Jabir Hussain
MPI-05: Advanced MPI
Conceptual Focus
This lecture is about performance realism in distributed-memory codes:
- Non-blocking point-to-point communication to overlap halo exchange with computation (hide latency).
- Hybrid OpenMP/MPI to match the structure of modern clusters (shared-memory nodes connected by a network).
- What MPI enables, what it costs, and what the course is intentionally not covering.
1) Non-blocking Communication
1.1 Motivation: halo exchange in domain decomposition
In the domain decomposition picture, boundary elements need fresh halo values before boundary updates.

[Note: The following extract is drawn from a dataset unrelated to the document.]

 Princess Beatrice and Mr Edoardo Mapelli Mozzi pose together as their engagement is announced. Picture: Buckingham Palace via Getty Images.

A naïve iteration does:
- send boundary → neighbours
- receive halo ← neighbours
- update all elements
That is correct, but it can stall: processes wait doing no compute while messages traverse the network.

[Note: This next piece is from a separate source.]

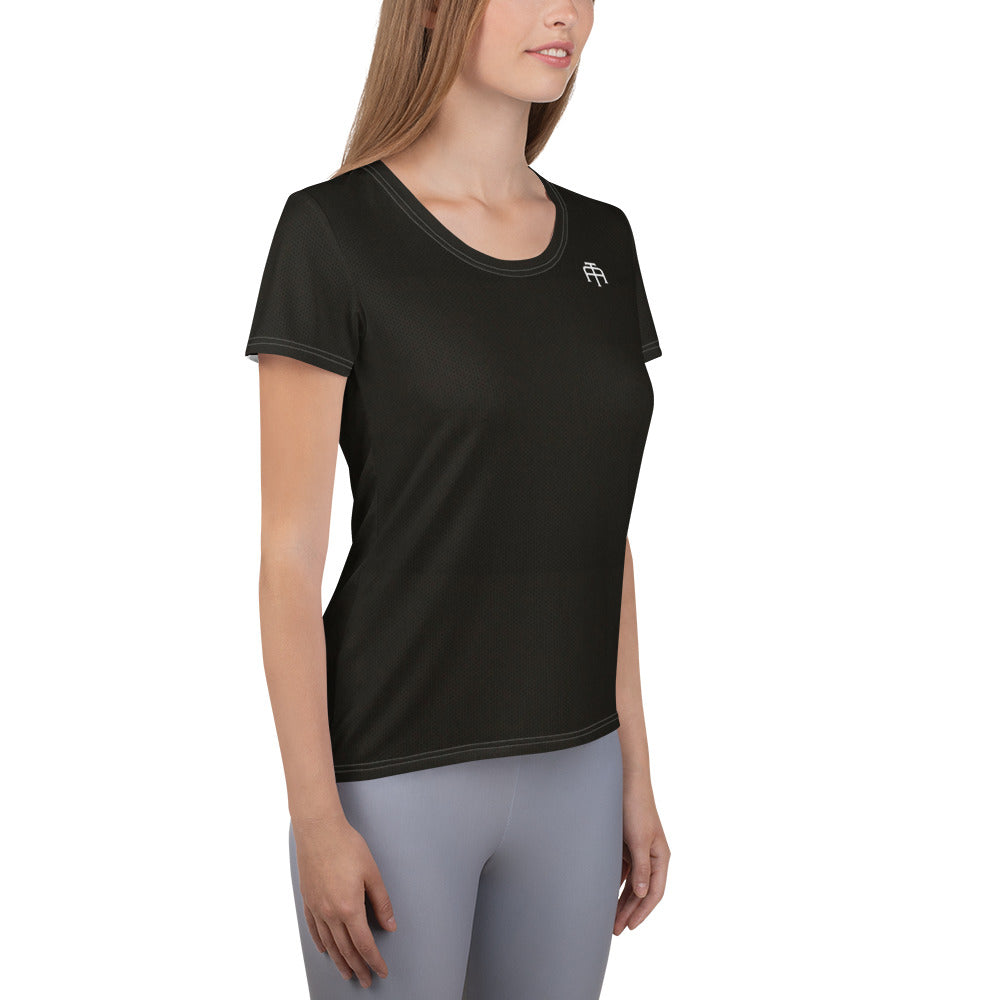 Black, soft four-way stretch moisture wicking sports mesh fabric women’s t-shirt by An Athlete Trains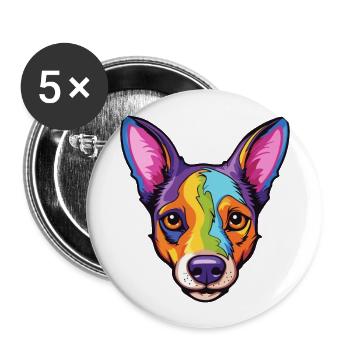 Rattenterrier-Hunderasse Karikatur Kawaii Illustration - Buttons groß 56 mm (5er Pack) - Weiß - Vorne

1.2 Latency-hiding algorithm (the key idea)
The lecture proposes an alternative per-iteration schedule:
- initiate sends (boundary → neighbours)
- initiate receives (halo ← neighbours)
- compute interior updates (don’t need halo)
- wait for send completion
- wait for receive completion
- compute boundary updates (now halo available)
This is the standard “overlap comms with compute” pattern.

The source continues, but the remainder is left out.